A turnover in sports is a play in which one team unintentionally gives possession to the opposing team. In many sports, how often this happens to a team is thought to measure offensive carelessness, defensive excellence, or both. American football is probably the sport in which the most weight is given to this statistic. In football, it is either an interception — a pass thrown by the offense that is caught by the defense — or a fumble by the offense that is recovered by the defense. There are other plays in which possession changes hands, such as kickoffs, punts, and unconverted fourth down plays, but only fumbles and interceptions qualify as turnovers.

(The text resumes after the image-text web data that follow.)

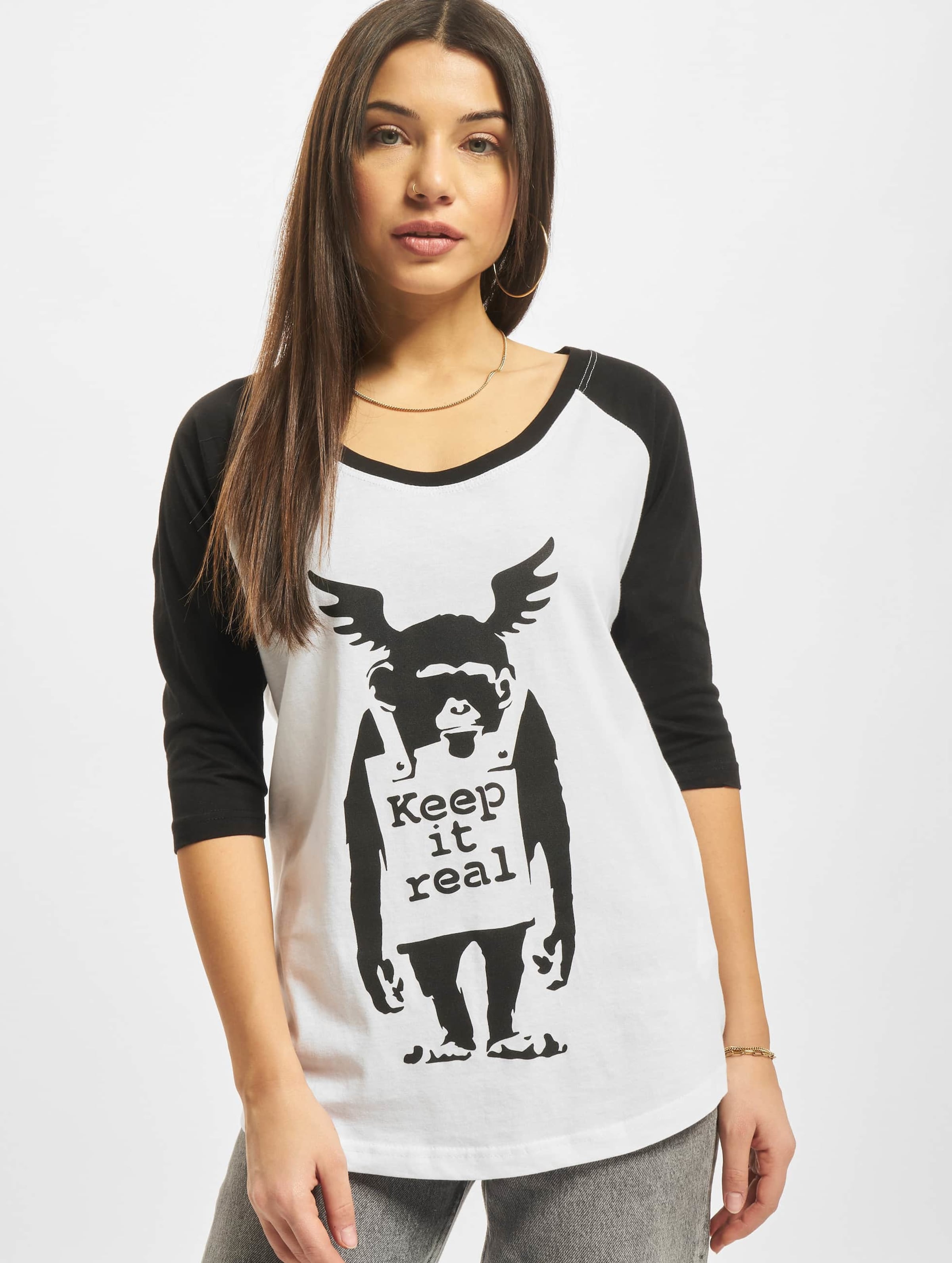 Merchcode Ladies Brandalised - Banksy´s Graffiti Ape Raglan Tee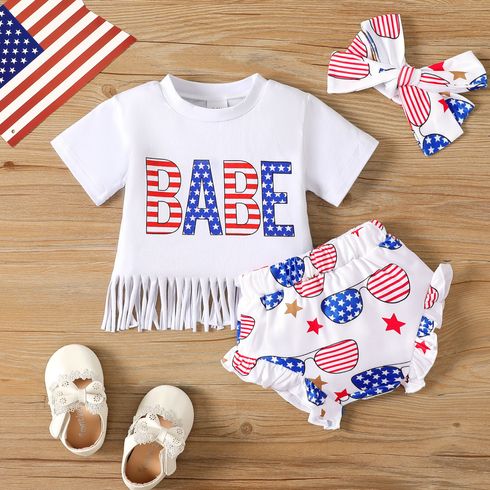 Independence Day 3pcs Baby Girl Letters Print Tassel Hem Short-sleeve Tee and Frill Trim Shorts and Headband Set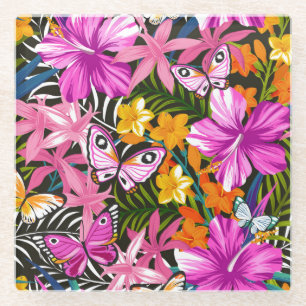 Tropical leaves and flowers glass coaster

Statistics have long shown a strong correlation between turnovers and success in wins and losses. The team that turns the ball over less in a given game is significantly more likely to win that game, and therefore a large emphasis is placed on both protecting the ball on offense and forcing fumbles and interceptions when on defense. Interceptions are calculated into the formula that is used to evaluate quarterbacks, and runners are often judged poorly if they are prone to fumbling. The turnover margin, a statistic which compares the number of turnovers created to the number committed, is commonly used to show the overall effectiveness of a team's offense and defense.
A turnover in basketball can occur when a player passes the ball to the opposing team or commits an offensive foul or some type of violation that gives the ball to the other team. In basketball, like football, it is a statistic that is given a lot of weight both for teams and for individual players. For a point guard, the player who handles the ball most frequently and who is assigned the task of distributing the ball and running the offense, the ratio of turnovers to assists — an assist is recorded when the player passes the ball to another player who then scores — is often used to show efficiency, or lack thereof.
In most sports, though, the term is used even when it is not kept as a statistic. In hockey or soccer, for example, it can be committed when a player loses control of the puck or ball and it is then gained by an opposing player. It doesn't have the significance it has in football or basketball, though, as the fluid structure of hockey and soccer allows for a consistent flow of possession from one team to the other.